We've all done this from the physical appearance and compounding health issues point of view I think, but what about temperaments. 

What do you think would just be a train-wreck? Is there anything?


----------



## GrinningDog (Mar 26, 2010)

Knowing what features of my border collie mix I value and which are challenging:

BC x hound-y hound: Energy and drive of a BC with the voice, nose, and motivational challenge of a hound

BC x terrier-y terrier: I know people breed these for sport, and I know WHY, but owning one would kill me. Add feisty, vocal, tenacious, dog-selective, and abundantly affectionate to certain traits of my dog? Oh my God, nooo.


----------



## PatriciafromCO (Oct 7, 2012)

lol.. in my book any terrier because of their design to pack so much in a small package would be a hand full,, I can't imagine mixing more terrier in to the mix..


----------



## zeronightfarm (Jun 15, 2011)

Any thing poo, because its always crap shoot, you never know what you will end up with, and a lot of them have really bad temperaments.


----------



## CptJack (Jun 3, 2012)

My vote at the moment is herding + guardian. The reasons are kind of obvious, but. 

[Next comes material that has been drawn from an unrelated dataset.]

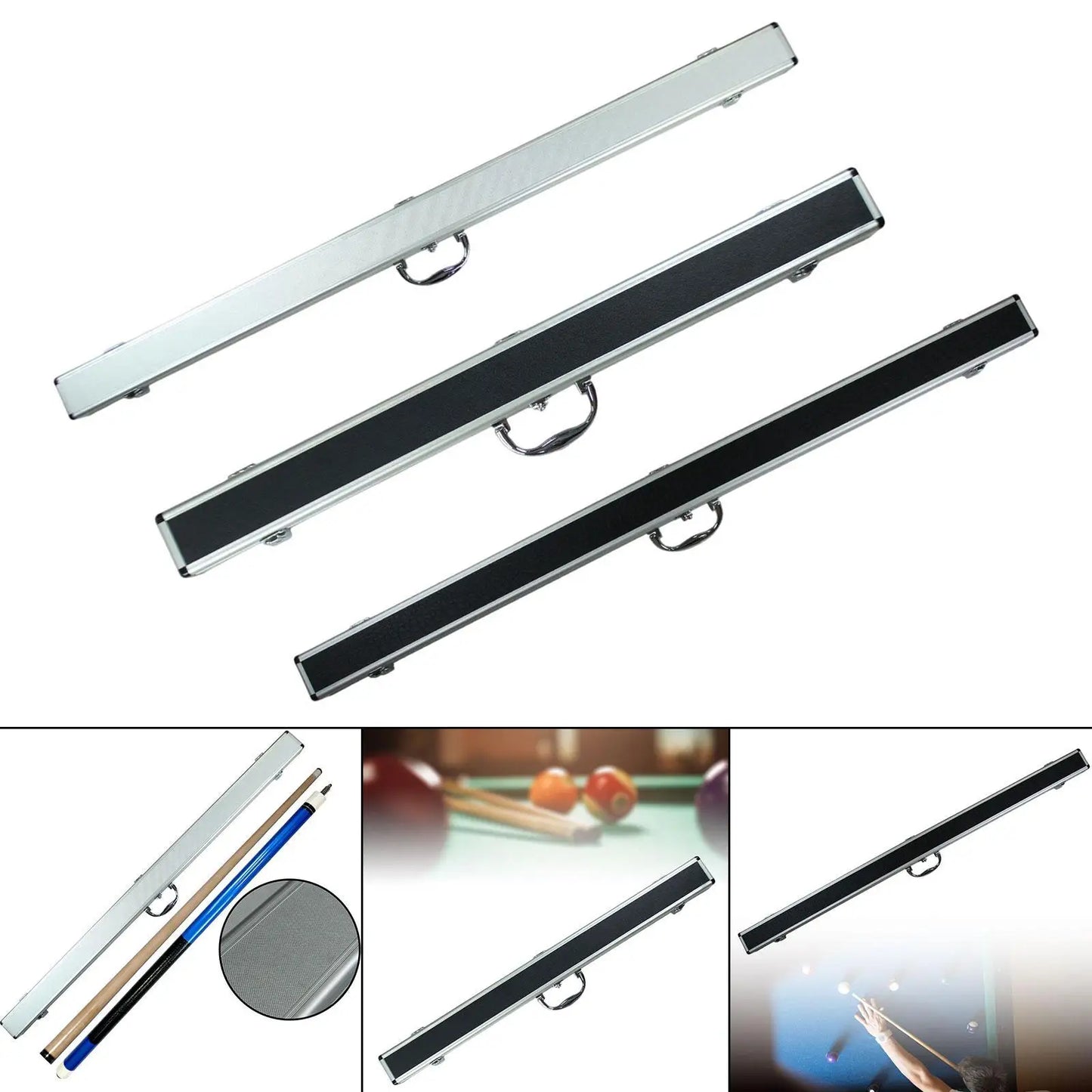 1/2 Billiard Cue Case - Durable & Portable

You combine intelligence, drive and energy (as well as a tendency to bond hard with a single person) with stubborn, protective and enormous and the result is... something. 

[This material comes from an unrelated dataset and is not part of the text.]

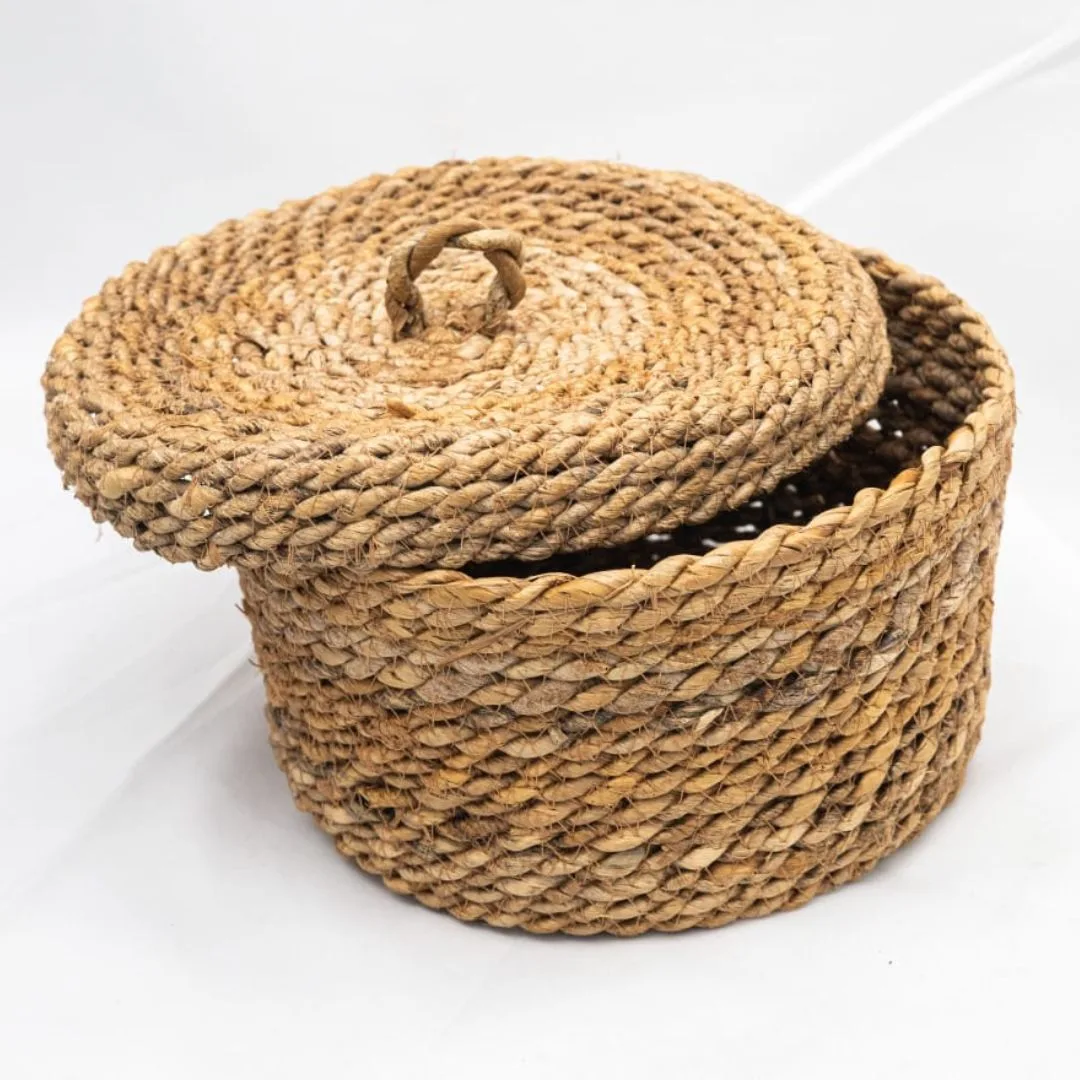 Small Basket With Cover #1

Well, it'll herd and guard your livestock, I guess? If you can convince it to care. They're popular/fairly common (though usually BCXPyr), but it just seems like a conflict to me, even if you remove Thud's weirdness from the concept.


----------



## Kayota (Aug 14, 2009)

I am almost convinced that Faxon is husky and something herding with a hint of hound. Why? Because walks are just... wow. She walks fine on a leash but once she finds a scent no amount of pulling, calling or coercing will budge her. She can also be a little slow to learn during training even though she's quite eager to learn. Luckily that nose isn't enough to lead her away when I have her off leash in my yard.

Terrier/chihuahua is perfect. I would have another in a heartbeat after Roxie's passed on. Although her prey drive and her over-excitableness when training/walking get to me sometimes, but those are probably both just the terrier side and nothing to do with the Chihuahua. Not to say I wouldn't have another Faxon--she's perfect too!


----------



## RedGermanPinscher (Jun 22, 2012)

Kirsten&Gypsy said:


> Knowing what features of my border collie mix I value and which are challenging:
> 
> BC x hound-y hound: Energy and drive of a BC with the voice, nose, and motivational challenge of a hound
> 
> BC x terrier-y terrier: I know people breed these for sport, and I know WHY, but owning one would kill me. Add feisty, vocal, tenacious, dog-selective, and abundantly affectionate to certain traits of my dog? Oh my God, nooo.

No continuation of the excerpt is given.